Onun hatası olmadığını anlatın!

Bakıcısı ayrılırken dikkat etmeniz gereken en önemli noktalardan biri ise bakıcısının onun bir hatası nedeniyle gitmediğini kendisine uygun bir dille anlatmak olmalı. Çocuğu bu konuda zorlamak ya da soru sormak doğru bir tutum değil zira çocuk isterse konuşur. ‘Bir süredir beraberdik. Gitmesi sana ne hissettirdi?’ gibi cümlelerle yaklaşarak duygular üzerinden gitmek ve onu anlamaya çalışmak doğru bir yaklaşım. Konuşma gelişmese de konuşulanı anladıkları 1-3 yaş döneminde durumu basit kelimelerle anlatmak ve ‘Ben buradayım. Her zamanki gibi yanındayım’ gibi benzeri güven veren cümleleri sık tekrarlamak, çocukların kendilerini anlaşılmış hissetmelerine fayda sağlıyor. Çocuk okul çağında ise duygularını yazabileceğini ya da akşam yatarken bununla ilgili zaman ayırabileceğinizi söyleyebilirsiniz.

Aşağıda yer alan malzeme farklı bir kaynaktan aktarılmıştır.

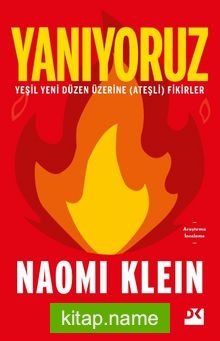 Yanıyoruz Yeşil Yeni Düzen Üzerine (Ateşli) Fikirler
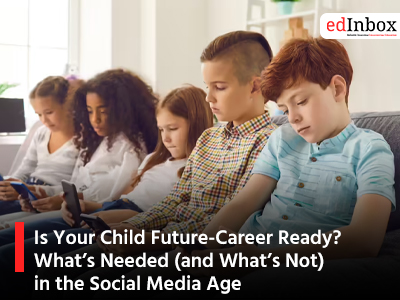 Is Your Child Future-Career Ready? What’s Needed (and What’s Not) in the Social Media Age 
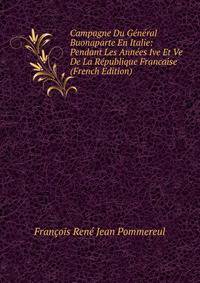 Campagne Du General Buonaparte En Italie: Pendant Les Annees Ive Et Ve De La Republique Francaise (French Edition)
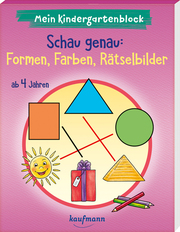 Mein Kindergartenblock - Schau genau: Formen, Farben, Rätselbilder - Cover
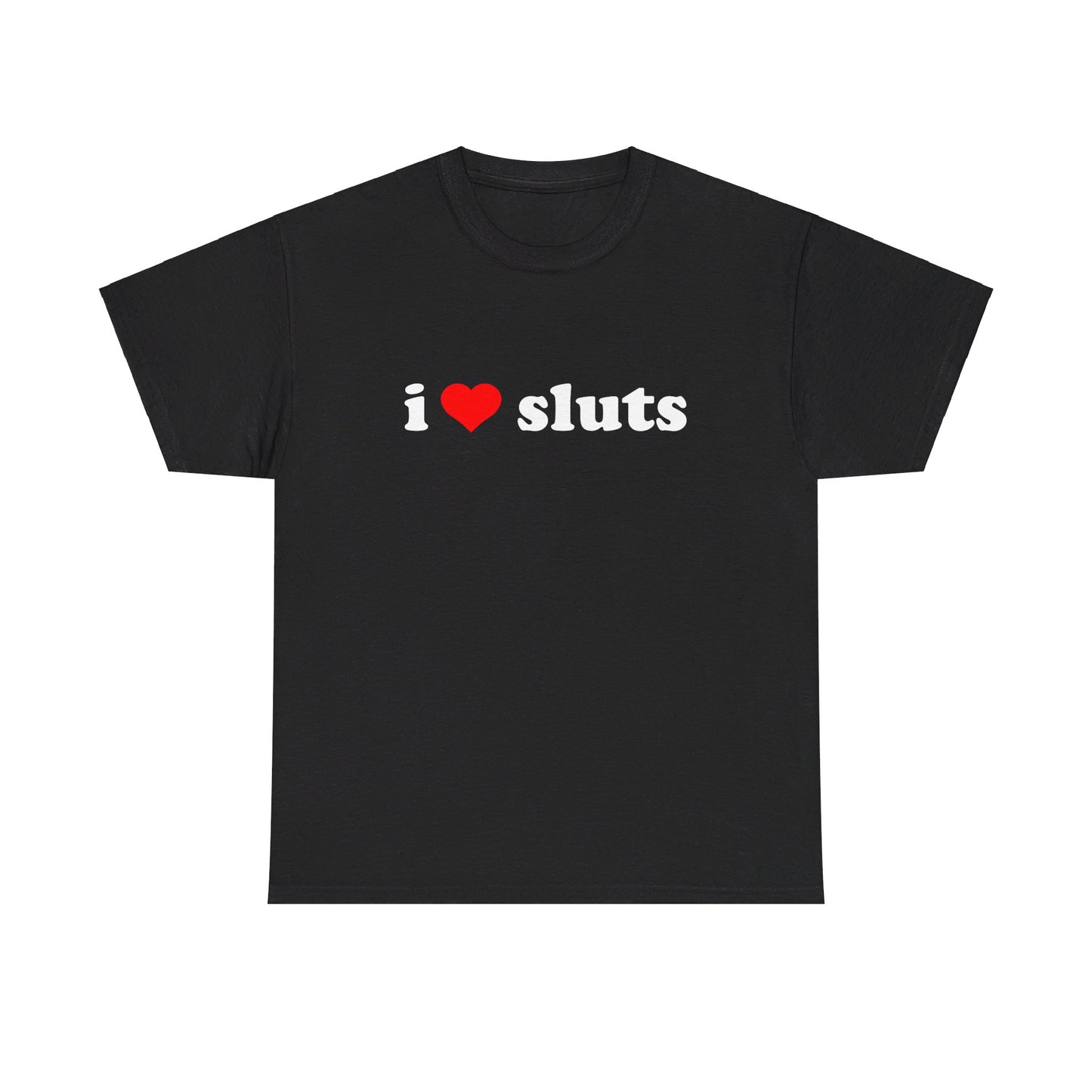 I Love Sluts Tee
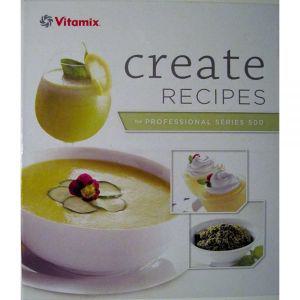 Vitamix Create Recipes [spiral_bound]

Bakıcı ararken nelere dikkat etmeli?

 

  • Öncelikle size olumlu duygular hissettirmesi gerekiyor. Unutmayın önsezileriniz sizi kolay yanıltmaz.

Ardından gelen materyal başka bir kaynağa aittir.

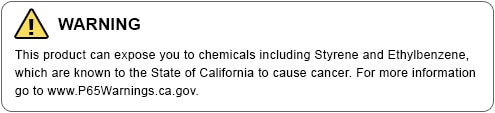 WARNING - This product can expose you to chemicals including Styrene and Ethylbenzene, which are known to the State of California to cause cancer. For more information go to www.P65Warnings.ca.gov.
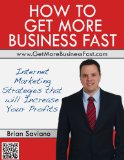 How to Get More Business Fast: Internet Marketing Strategies that Will Increase Your Profits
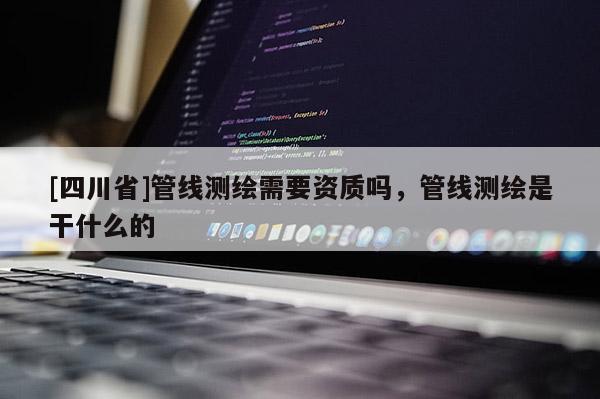 [四川省]管线测绘需要资质吗，管线测绘是干什么的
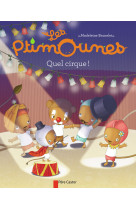 Les ptimounes - quel cirque !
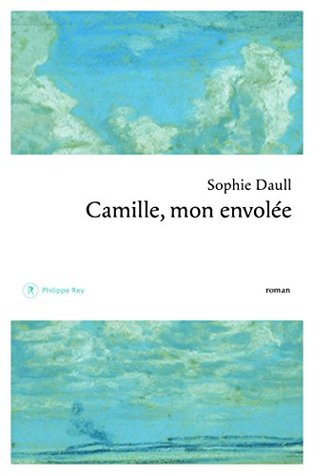 Camille, mon envolée (Kindle Edition)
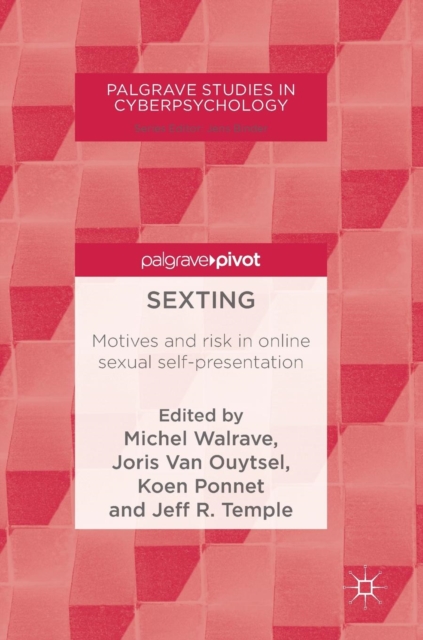 Sexting : Motives and risk in online sexual self-presentation, Hardback Book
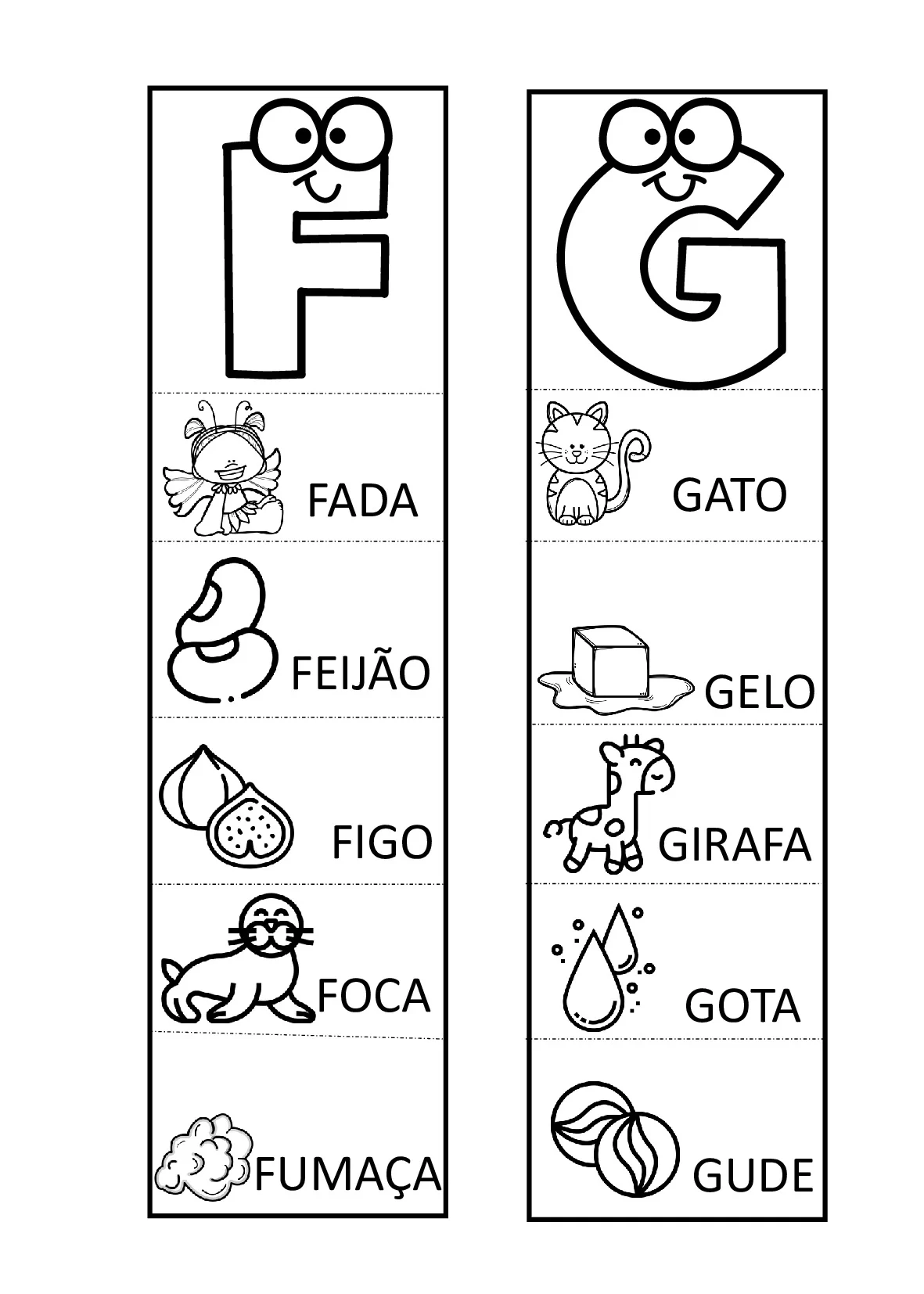 F de fada e feijao, G de gato e gelo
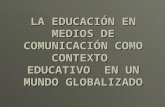 LA EDUCACIÓN EN MEDIOS DE COMUNICACIÓN COMO CONTEXTO EDUCATIVO EN UN MUNDO GLOBALIZADO.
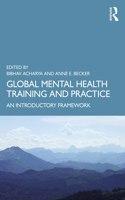 Global Mental Health Training and Practice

  • Sabırlı, sakin, sevecen ve işine bağlı olmasına önem verin.
  • Deneyimli olması önemli olsa da çok ayırt edici bir özellik değil. Daha önce çalıştığı yerlerdeki çalışma süresi, baktığı çocuk ve yaş aralığı yol gösterici olabilir.

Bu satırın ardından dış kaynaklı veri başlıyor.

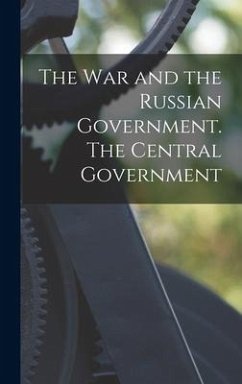 The War and the Russian Government. The Central Government - Anonymous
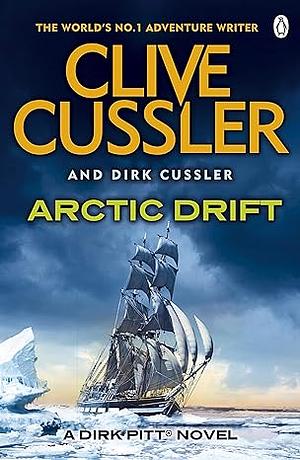 Arctic Drift by Dirk Cussler, Clive Cussler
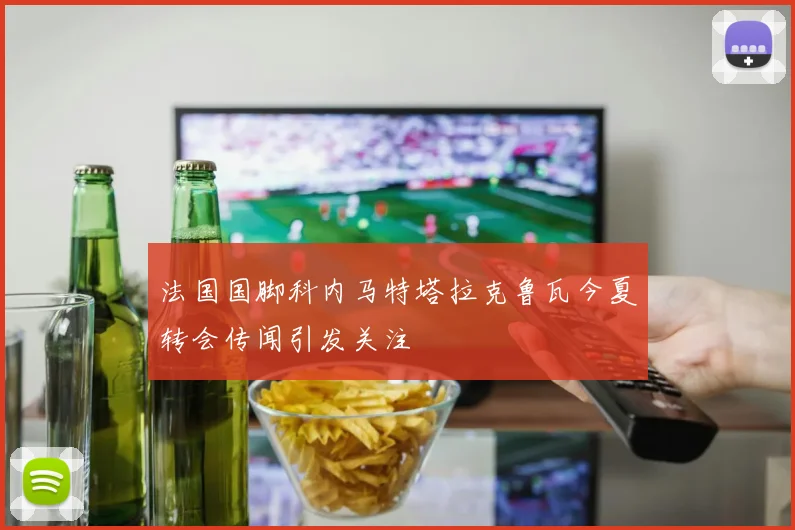 法国国脚科内马特塔拉克鲁瓦今夏转会传闻引发关注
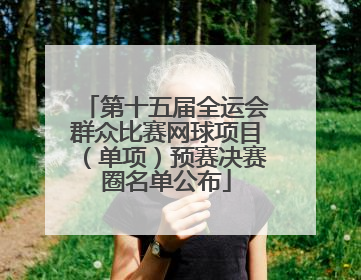 第十五届全运会群众比赛网球项目（单项）预赛决赛圈名单公布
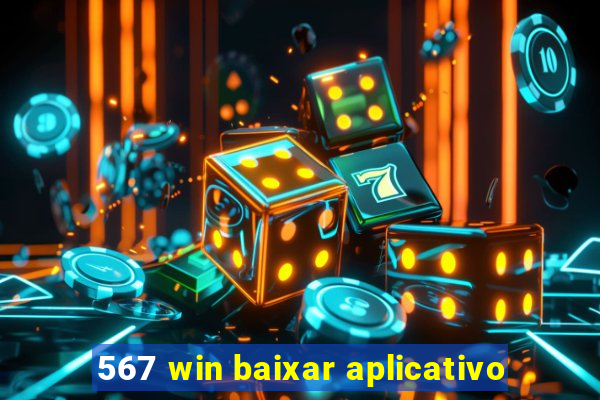 567 win baixar aplicativo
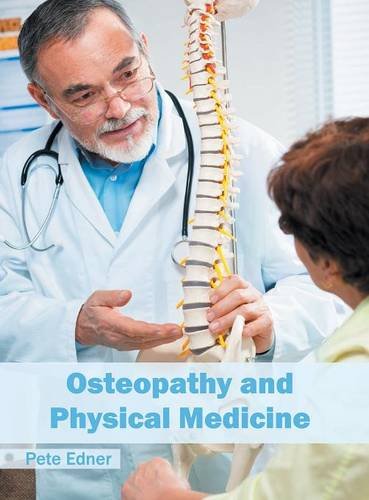 Osteopathy and Physical Medicine [Hardcover]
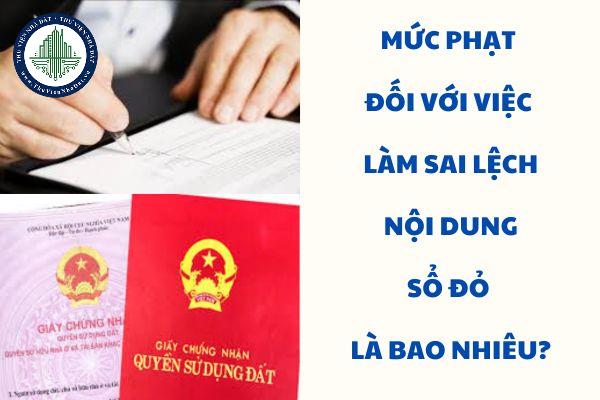 Mức phạt đối với việc làm sai lệch nội dung sổ đỏ là bao nhiêu?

  • Geçirdiği hastalıklar, kronik hastalığının olup olmadığı ve sürekli kullandığı ilaçlar sorgulanmalı. Çocukla yakın temasta bulunacağı için solunum yoluyla geçen hastalıklar açısından bazı testler yapılması doğru bir yaklaşım olacaktır.
  • Kişisel bakım ve hijyen anlayışı çok önemli. Abartılı makyaj ile takılar, yoğun parfüm kullanımı, özellikle yenidoğan döneminde dikkat edilmesi gereken noktalar.